The sad sack protagonist of Baby Steps isn’t immediately sympathetic or relatable. In fact, the game presents him as a schlubby failson, eating pizza and watching One Piece in his parents’ basement. He can’t even put one foot in front of the other without considerable effort, which makes the task of climbing a treacherous mountain full of garbage a particularly daunting endeavour. Against all odds though, he eventually started to win me over and by the time the game rolled credits I was fully on Team Nate.
Baby Steps follows the trend of awkward-to-control protagonists in Foddy-like games, but I believe it’s far more approachable compared to his previous works such as QWOP and Getting Over It. It’s simple in concept but difficult to master : each trigger lifts a leg and the left stick is used to place them. You’ll fall - a lot at first - but gradually you develop a rhythm and moving Nate across uneven surfaces, rocky paths, sand, and ice becomes second nature. The critical path of reaching the top of the mountain is challenging but manageable, and if you want to really test your skills (and patience?), optional collectibles are here for you and BOY are they bastards to get. Fortunately, getting one often rewards you with an ad-libbed and often hilarious cutscene voiced by the game’s creators Cuzzillo and Foddy themselves.
I’m loath to spoil where the game goes, but thematically it deals with the challenges of existing in modern masculinity and the value of asking for help, which Nate seems pathologically incapable of doing throughout the game to comedic effect. If your tolerance for frustration and setbacks in games is high, I think there’s something unique and interesting to be found.
11. Citizen Sleeper 2 : Starward Vector

The original Citizen Sleeper is an all-time narrative banger and a piece of art close to my heart. It touched on themes of having a disability within an unaccommodating society, developing a sense of community and reliance upon others, and forgiveness and second chances.
Its sequel Starward Vector still maintains the sharp and concise writing and excellent characters, but takes a step forward mechanically. Both games rely on slotting in a set of six-sided dice rolled daily to perform various tasks to aid in your own survival. In the sequel, like the first, you are an emulated human consciousness in an android body fleeing from the corporation who claims ownership over you. Unlike the first, you are not primarily based in a single location but instead have a ship and a crew. You will jet about the system, taking contracts and tracking down leads to advance the main storyline.

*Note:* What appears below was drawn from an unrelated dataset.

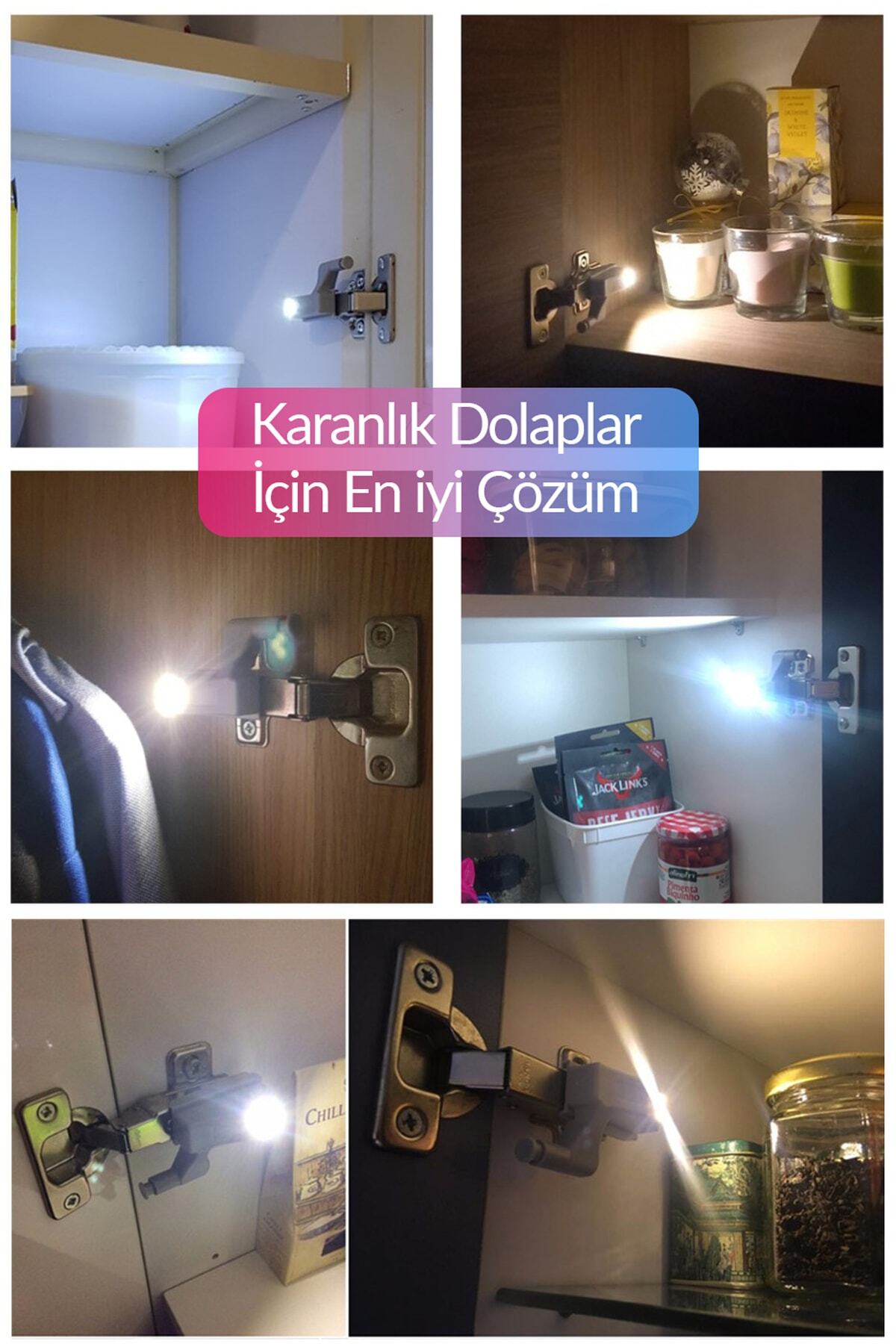 8'li Otomatik Dolap Lambası Mutfak Banyo Gardırop Çekmece Içi Aydınlatma Menteşe Lambası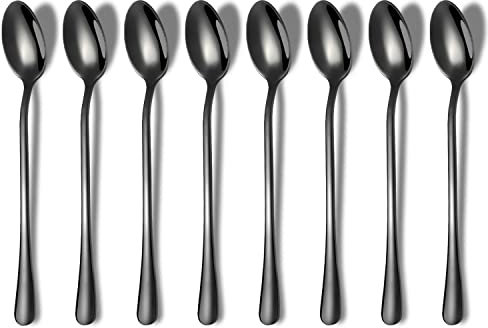 HOMQUEN Schwarzer Löffel mit Langem Griff, Kaffeerührer, Premium-Edelstahl-Kaffeelöffel, Eisteelöffel, Eislöffel, Cocktail-Rührlöffel, Teelöffel, 8Er-Set (Schwarz)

Each of your crewmembers excels at certain types of tasks related to their main statistics and can turn your lousy rolls into a fighting chance to accomplish something, and you’ll have to choose only two to take on a contract to supplement your own abilities.
This leads to a sequel that feels mechanically evolved from its predecessor, though narratively I will say I preferred the tight focus of the original’s story which was told within the confines of a single space station. It still gets a hearty thumbs-up from me, and I can’t wait to see what Gareth Damian Martin comes up with next.
10. Indiana Jones and the Great Circle (2024)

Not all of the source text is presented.